START Information shown
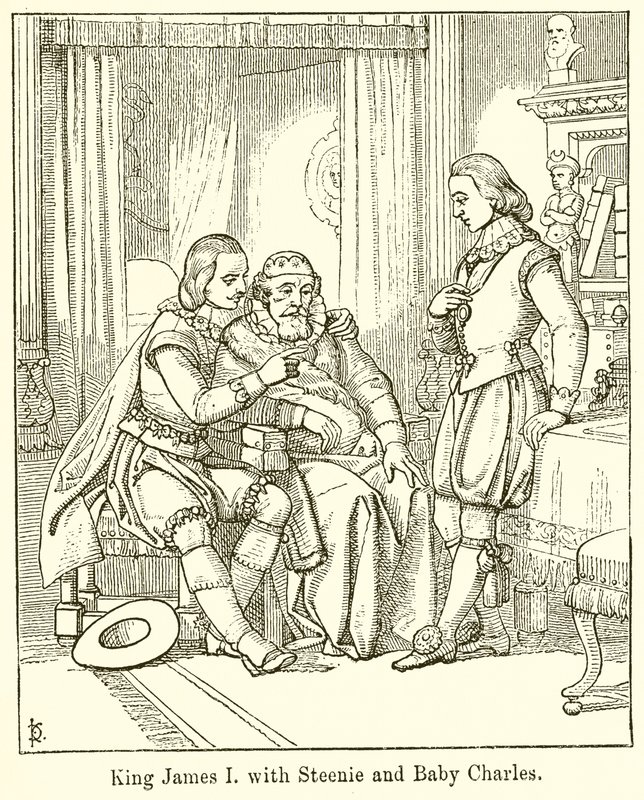 Steenie ve Bebek Charles ile Kral I. James by English School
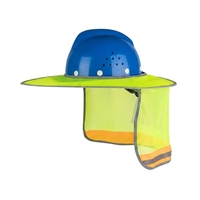 Protector de Cuello Fluorescente Amarillo de Alta Visibilidad con Borde Completo para Casco de Seguridad en Obras Viales Municipales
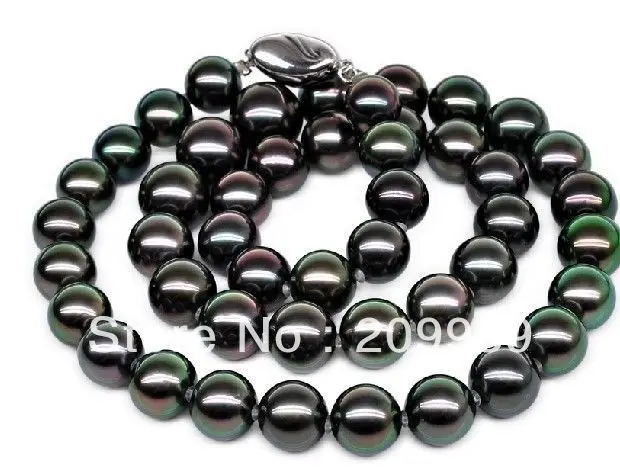 

huij 001174 10-11MM TAHITIAN BLACK PEARL NECKLACE 20INCH 925SILVER CLASP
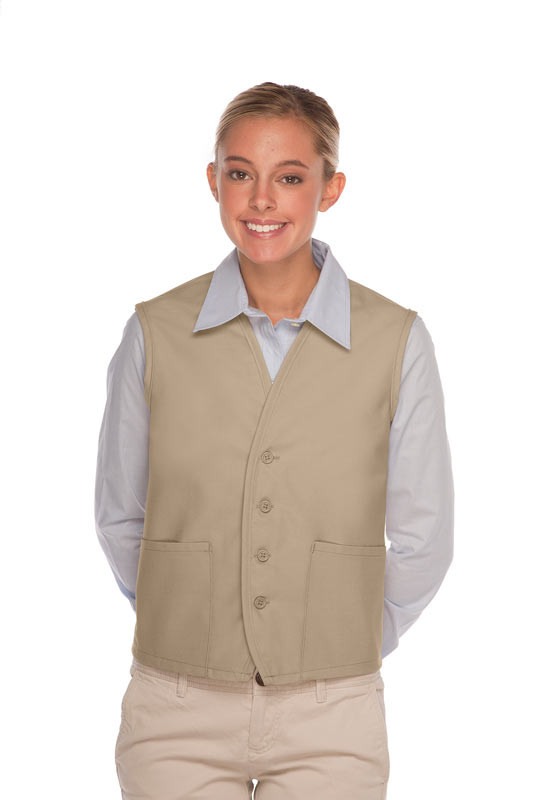 Khaki two pocket unisex uniform vest 350742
END Information shown
• _Problem requirements_
Beginning with the line that contains "Protector de Cuello" and ending with the last line of the data, restate each line word for word. Exclude the pictures.

• _Exercise solution_
 Protector de Cuello Fluorescente Amarillo de Alta Visibilidad con Borde Completo para Casco de Seguridad en Obras Viales Municipales

huij 001174 10-11MM TAHITIAN BLACK PEARL NECKLACE 20INCH 925SILVER CLASP
 Khaki two pocket unisex uniform vest 350742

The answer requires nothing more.